Listopadowe wspomnienie.

Ciotka  Julka.

 

                    Robiła najsmaczniejsze naleśniki zawijane w kwadrat, z grzybami, najsmaczniejsze placki ziemniaczane podawane ze śmietaną, najsmaczniejsze ogórki małosolne, w dużym kamiennym dzbanie. Ciotkę Julkę wspominam każdego listopada.

Ze starej, lekko pożółkłej fotografii wykonanej na twardym, grubym papierze, uśmiecha się młoda kobieta w dziwacznym kapelusiku spod którego niesfornie wymykają się długie, gęste, faliste włosy. Uśmiech „fotograficzny”, pozowany ale sympatyczny, taki na jaki zdobywać się trzeba było, gdy naprzeciwko nas, zaaferowany fotograf ślimacząc się z naciśnięciem migawki starego aparatu, pogadywał ni to do nas, ni to do siebie: jeszcze trochę, jeszcze chwilę, o tu, tu … zaraz wyleci ptaszek …   Na odwrocie fotografii jest okrągła pieczątką z wyraźnym napisem; Foto – Pietkiewicz Vilnius 1935. Ciotka Julka miała wówczas 25 lat. Oczywiście, nie była jeszcze moją ciotką – ja się urodziłem wiele lat później. Była bardzo atrakcyjną kobietą, dbającą pieczołowicie o swój wygląd, o modny strój, o swoje liczne kapelusze i kapelusiki które wzbudzały zainteresowanie mijanych na chodniku pań i panów. Właśnie dopiero co wyszła za mąż, za dosyć dużo starszego, co prawda, ale przecież niezmiernie dystyngowanego urzędnika bankowego Franciszka. Dobrze wyszła za mąż. Franciszkowi dobrze się powodziło. Ciotka Julka była zakochana w swoim Franciszku i w swoim Wilnie. To najpiękniejsze miasto na świecie, mówiła. Później, nigdy już nie widziała takiego miasta, gdzie elewacje domów wyglądałyby tak pięknie w promieniach zachodzącego słońca, gdzie byłyby takie ulice, zaułki, zapachy, tak wiele poruszających duszę i serce pamiątek narodowych i historycznych, tak wiele ważnych dla Polski i Polaków miejsc, gdzie ludzie otrzymywaliby tyle łask, ile doznawali przed obrazem Matki Boskiej Ostrobramskiej … Matki Boskiej tamtej ziemi, tamtych ludzi i tamtego życia. Tak uważała ciotka Julka. Ale czy ona, urodzona i wychowana w Wilnie, w którym spędziła dzieciństwo i młodość, pośród tych którzy byli dla niej najbliżsi i których całym swoim sercem kochała – mogła uważać inaczej.
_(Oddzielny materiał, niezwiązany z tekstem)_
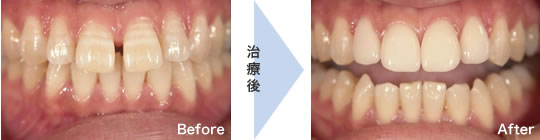 ラミネートベニアの症例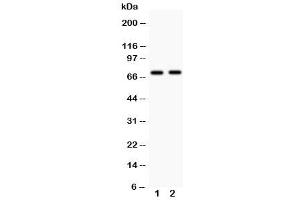 Western blot testing with MEKK3 antibody Lane 1: rat brain (MAP3K3 anticorps  (N-Term))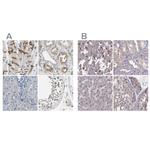 PKP2 Antibody in Immunohistochemistry (IHC)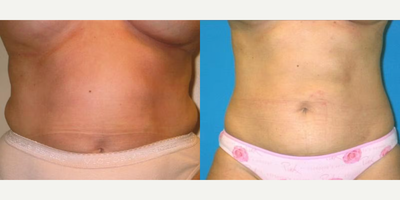 Case 8880 - Woman treated with Liposuction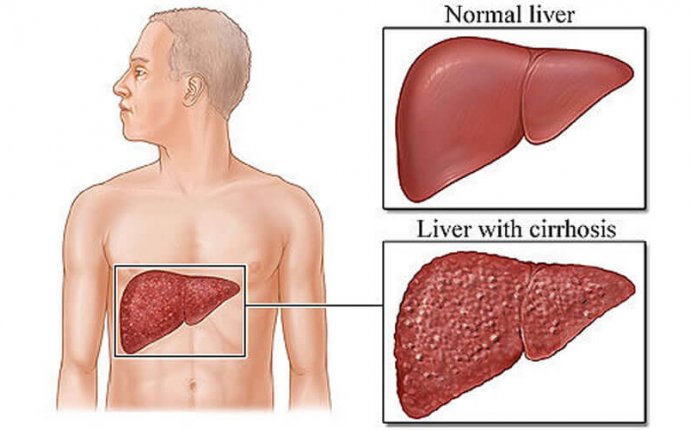 Liver and Ayurveda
Czas szczęśliwego życia w rodzinnym mieście przerwany został gdy sowieci napadli na Polskę. Po siedemnastym września owego tragicznego dla Polski i Polaków 1939 roku. Rozpoczął się czas przerażenia, strachu i niepewności. Dla Ciotki Julki wyraziło się to nie tylko w wymiarze realnym, rzeczywistym ale z niewytłumaczalnej przyczyny, w bardzo czytelny sposób, również w wymiarze symbolicznym. Otóż, jak bardzo często wspominała to w ciągu swojego życia, właśnie 19 września 1939 roku, kiedy ludzie w Wilnie z ust do ust podawali sobie przerażającą wiadomość, że wojska sowieckie stoją już pod miastem i że lada chwila będą je zajmować – właśnie w tej samej chwili kiedy ona usłyszała tą wiadomość – spadł jej z ręki zegarek, którego szkiełko rozsypało się na małe kawałki po uderzeniu w płytę chodnika. To był dobry zegarek. Szwajcarska Delbana. Prezent od Franciszka. Od męża, na początek małżeństwa. Ten zegarek Ciotka Julka zachowała do końca swojego życia. Zawsze miał on dla niej bardzo szczególne znaczenie.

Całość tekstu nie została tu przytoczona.